What is expected:
Give the listing back in full, exactly as written, with the pictures removed.
BEGIN
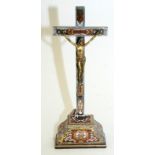A French wooden standing crucifix with silver coloured metal overlay and brass and ivory inlay,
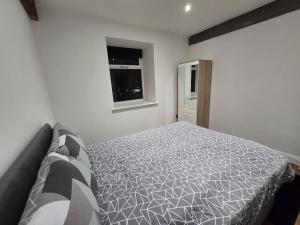 a bedroom with a bed and a window at Canalside Period Conversion in Burnley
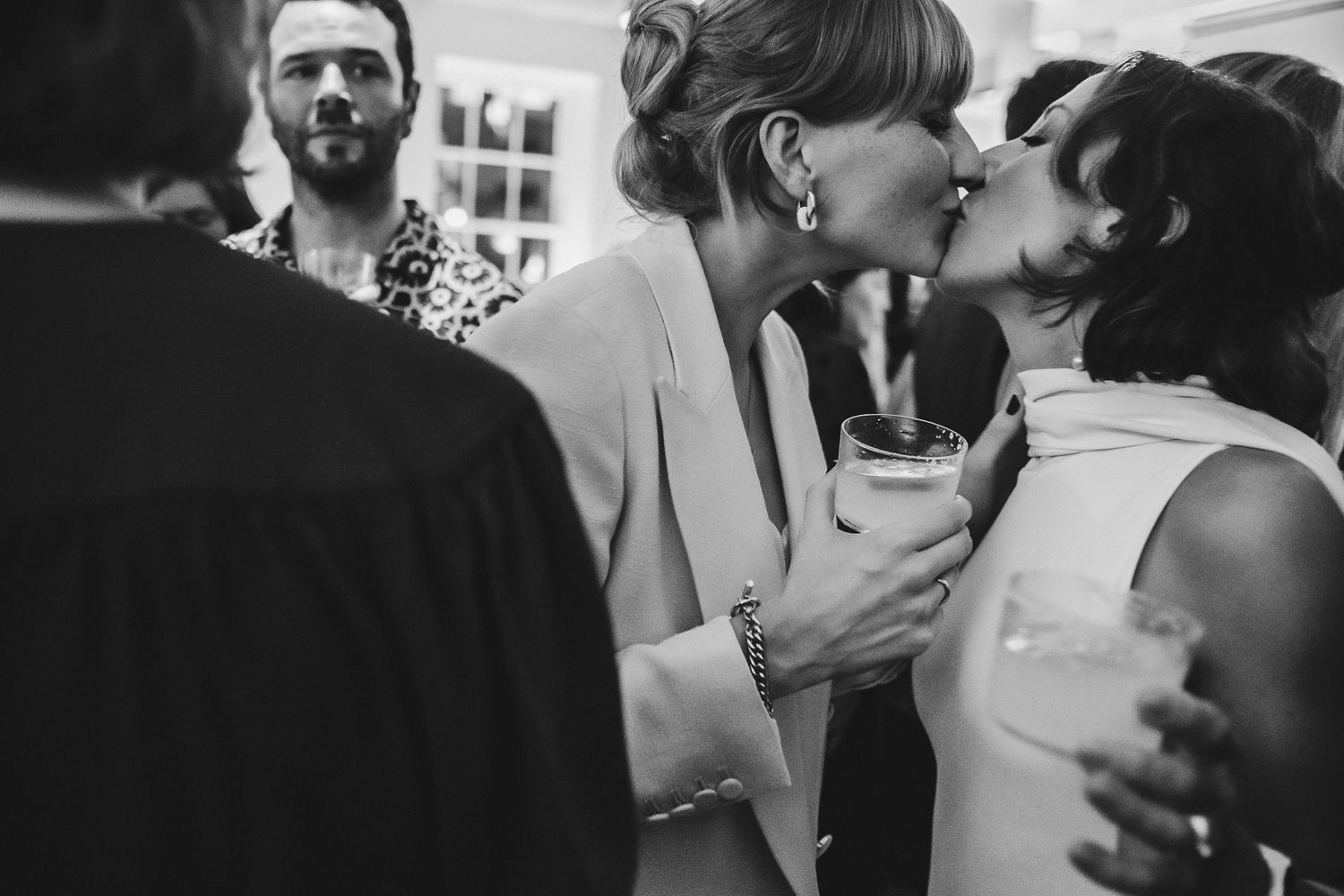 Intimate moment between two people at a celebratory event.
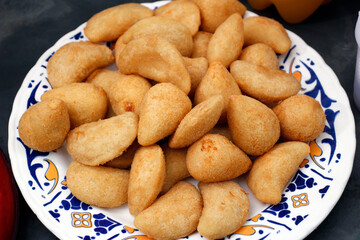 dish with savory snacks brazilian fried chicken balls and cream pastry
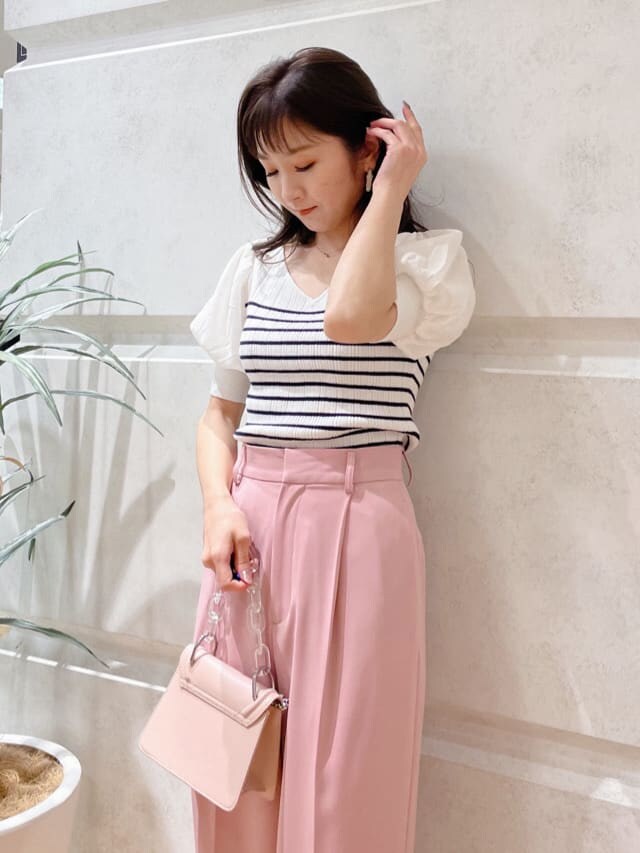 ベージュ系のパンプス、ピンク系のショルダーバッグ、ホワイト系のニット/セーターを着用したレディースの春コーディネートの2枚目の写真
END
Your solution:
A French wooden standing crucifix with silver coloured metal overlay and brass and ivory inlay,
 a bedroom with a bed and a window at Canalside Period Conversion in Burnley
 Intimate moment between two people at a celebratory event.
 dish with savory snacks brazilian fried chicken balls and cream pastry
 ベージュ系のパンプス、ピンク系のショルダーバッグ、ホワイト系のニット/セーターを着用したレディースの春コーディネートの2枚目の写真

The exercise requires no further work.